In order to present a truly objective review, I have to confess that Black Mirror has some certain design flaws (three to be exact). First of all, although the puzzle design is mostly good, some puzzles involve ridiculous amount of backtracking which is more frustrating than fun. Second, the game constrains you from leaving certain places or picking up certain items until the time is right. This is actually not uncommon, most games are designed to have these artificial constraints. But it happens way too much in the Black Mirror, you end up feeling you are trapped in a virtual sandbox and somebody is holding your hand to guide you through the exit.

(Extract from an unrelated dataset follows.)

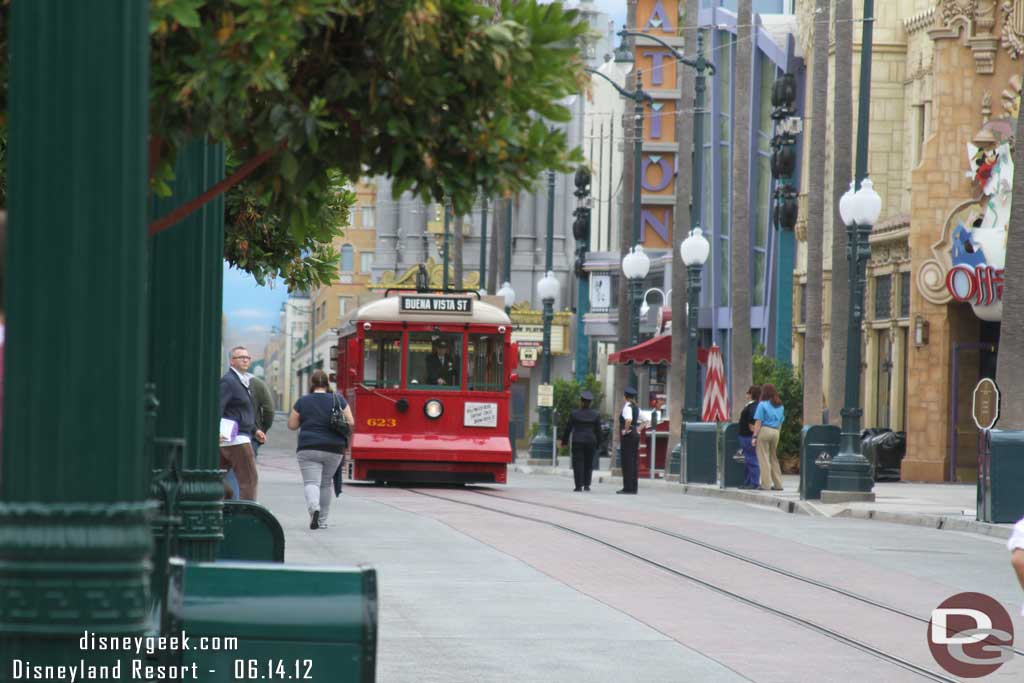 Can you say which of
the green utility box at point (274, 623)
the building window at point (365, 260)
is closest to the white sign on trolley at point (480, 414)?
the green utility box at point (274, 623)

The third and the most critical flaw is, you can make a fatal mistake at one point of the game, and if you have no savegame prior to that point, you are screwed. You basically need to start over. Seriously? I am shocked to see such a critical flaw sneaked its way through the beta testing phase.
Apart from those three design flaws I just mentioned, my (and many other’s) biggest complaint about the game is the voice-overs. In particular, the main character sounds very dull and uninspired. I suspect this is due to the game being translated from another language. I believe the developers are from the Czech republic and the original version of the game might have much better voice-overs in Czech. Anyway, apart from that, the characters themselves are also not very memorable. That is not a huge problem since this is not a character driven game, nevertheless it would have been a nice touch to have more interesting people to meet and chat with.
Most of the reviews on the internet focuses on these negative aspects I have mentioned in the last two paragraphs and in my opinion they don’t give enough credit to its stronger parts. Black Mirror will always be one of my favorite horror adventure games because of its amazing atmosphere that brings together a captivating tale, dark graphics and haunting music. On top of that, I am always partial to adventure games that don’t dismiss puzzles for the sake of storytelling, and Black Mirror is a prime example of that. I am admitting that it is not everyone’s cup of tea, but if you are into dark adventures like myself, Black Mirror should belong to your gaming library.
Note: There are two sequels published in 2009 and 2011. They are developed by a different studio but succeed in following the spirit of the original game. I am planning to review them some time soon.
The Good: Brilliant atmosphere, excellent music and sound effects, lengthy gameplay with lots of puzzles, story is very absorbing.
The Bad: Some puzzles involve annoying amounts of backtracking, slow animations speed, too many artificial obstacles, lack of interesting characters, protagonist sounds uninspired.
The Ugly: You can make a fatal mistake which might force you to restart the game from the beginning.